• [WHAT YOU NEED TO DO]: Repeat the entries verbatim.
BEGIN RECORDS PROVIDED
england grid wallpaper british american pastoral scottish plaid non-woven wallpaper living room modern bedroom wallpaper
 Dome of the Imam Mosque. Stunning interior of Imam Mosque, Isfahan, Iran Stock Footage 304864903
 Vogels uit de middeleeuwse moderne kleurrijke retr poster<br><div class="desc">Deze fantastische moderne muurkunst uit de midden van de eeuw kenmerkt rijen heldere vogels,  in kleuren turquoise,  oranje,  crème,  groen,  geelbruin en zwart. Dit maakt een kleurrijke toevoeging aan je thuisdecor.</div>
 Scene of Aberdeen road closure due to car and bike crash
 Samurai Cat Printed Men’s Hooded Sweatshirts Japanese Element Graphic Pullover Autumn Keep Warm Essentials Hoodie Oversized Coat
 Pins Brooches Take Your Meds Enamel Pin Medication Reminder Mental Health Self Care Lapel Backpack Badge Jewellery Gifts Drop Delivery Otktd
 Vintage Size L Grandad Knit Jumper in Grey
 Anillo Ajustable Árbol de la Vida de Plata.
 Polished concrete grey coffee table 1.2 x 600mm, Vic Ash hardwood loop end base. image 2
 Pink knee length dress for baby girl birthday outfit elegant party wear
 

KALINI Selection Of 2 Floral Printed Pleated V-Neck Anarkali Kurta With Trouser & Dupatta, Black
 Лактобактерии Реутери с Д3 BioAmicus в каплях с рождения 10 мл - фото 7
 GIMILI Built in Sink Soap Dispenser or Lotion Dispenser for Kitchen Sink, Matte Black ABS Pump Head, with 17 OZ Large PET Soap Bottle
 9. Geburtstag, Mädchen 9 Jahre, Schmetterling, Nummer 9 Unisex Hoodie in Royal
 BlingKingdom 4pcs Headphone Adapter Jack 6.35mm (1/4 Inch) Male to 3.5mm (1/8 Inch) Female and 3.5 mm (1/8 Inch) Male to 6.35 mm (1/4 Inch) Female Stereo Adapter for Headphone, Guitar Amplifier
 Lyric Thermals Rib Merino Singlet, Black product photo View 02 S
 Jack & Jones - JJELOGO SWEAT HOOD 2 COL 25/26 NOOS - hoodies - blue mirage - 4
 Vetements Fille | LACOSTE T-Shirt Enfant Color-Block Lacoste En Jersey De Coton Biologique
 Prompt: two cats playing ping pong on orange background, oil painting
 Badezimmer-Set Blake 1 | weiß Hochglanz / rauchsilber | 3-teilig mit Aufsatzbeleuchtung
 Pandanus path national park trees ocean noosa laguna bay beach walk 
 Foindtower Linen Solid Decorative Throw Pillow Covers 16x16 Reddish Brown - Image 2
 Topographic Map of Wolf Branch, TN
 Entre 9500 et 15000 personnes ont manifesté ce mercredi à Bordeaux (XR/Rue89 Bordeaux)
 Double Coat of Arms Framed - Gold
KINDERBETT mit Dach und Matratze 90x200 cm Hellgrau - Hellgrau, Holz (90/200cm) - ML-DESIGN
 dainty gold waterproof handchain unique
END RECORDS PROVIDED
• [OUTPUT]:
england grid wallpaper british american pastoral scottish plaid non-woven wallpaper living room modern bedroom wallpaper
 Dome of the Imam Mosque. Stunning interior of Imam Mosque, Isfahan, Iran Stock Footage 304864903
 Vogels uit de middeleeuwse moderne kleurrijke retr poster<br><div class="desc">Deze fantastische moderne muurkunst uit de midden van de eeuw kenmerkt rijen heldere vogels,  in kleuren turquoise,  oranje,  crème,  groen,  geelbruin en zwart. Dit maakt een kleurrijke toevoeging aan je thuisdecor.</div>
 Scene of Aberdeen road closure due to car and bike crash
 Samurai Cat Printed Men’s Hooded Sweatshirts Japanese Element Graphic Pullover Autumn Keep Warm Essentials Hoodie Oversized Coat
 Pins Brooches Take Your Meds Enamel Pin Medication Reminder Mental Health Self Care Lapel Backpack Badge Jewellery Gifts Drop Delivery Otktd
 Vintage Size L Grandad Knit Jumper in Grey
 Anillo Ajustable Árbol de la Vida de Plata.
 Polished concrete grey coffee table 1.2 x 600mm, Vic Ash hardwood loop end base. image 2
 Pink knee length dress for baby girl birthday outfit elegant party wear
 

KALINI Selection Of 2 Floral Printed Pleated V-Neck Anarkali Kurta With Trouser & Dupatta, Black
 Лактобактерии Реутери с Д3 BioAmicus в каплях с рождения 10 мл - фото 7
 GIMILI Built in Sink Soap Dispenser or Lotion Dispenser for Kitchen Sink, Matte Black ABS Pump Head, with 17 OZ Large PET Soap Bottle
 9. Geburtstag, Mädchen 9 Jahre, Schmetterling, Nummer 9 Unisex Hoodie in Royal
 BlingKingdom 4pcs Headphone Adapter Jack 6.35mm (1/4 Inch) Male to 3.5mm (1/8 Inch) Female and 3.5 mm (1/8 Inch) Male to 6.35 mm (1/4 Inch) Female Stereo Adapter for Headphone, Guitar Amplifier
 Lyric Thermals Rib Merino Singlet, Black product photo View 02 S
 Jack & Jones - JJELOGO SWEAT HOOD 2 COL 25/26 NOOS - hoodies - blue mirage - 4
 Vetements Fille | LACOSTE T-Shirt Enfant Color-Block Lacoste En Jersey De Coton Biologique
 Prompt: two cats playing ping pong on orange background, oil painting
 Badezimmer-Set Blake 1 | weiß Hochglanz / rauchsilber | 3-teilig mit Aufsatzbeleuchtung
 Pandanus path national park trees ocean noosa laguna bay beach walk 
 Foindtower Linen Solid Decorative Throw Pillow Covers 16x16 Reddish Brown - Image 2
 Topographic Map of Wolf Branch, TN
 Entre 9500 et 15000 personnes ont manifesté ce mercredi à Bordeaux (XR/Rue89 Bordeaux)
 Double Coat of Arms Framed - Gold
KINDERBETT mit Dach und Matratze 90x200 cm Hellgrau - Hellgrau, Holz (90/200cm) - ML-DESIGN
 dainty gold waterproof handchain unique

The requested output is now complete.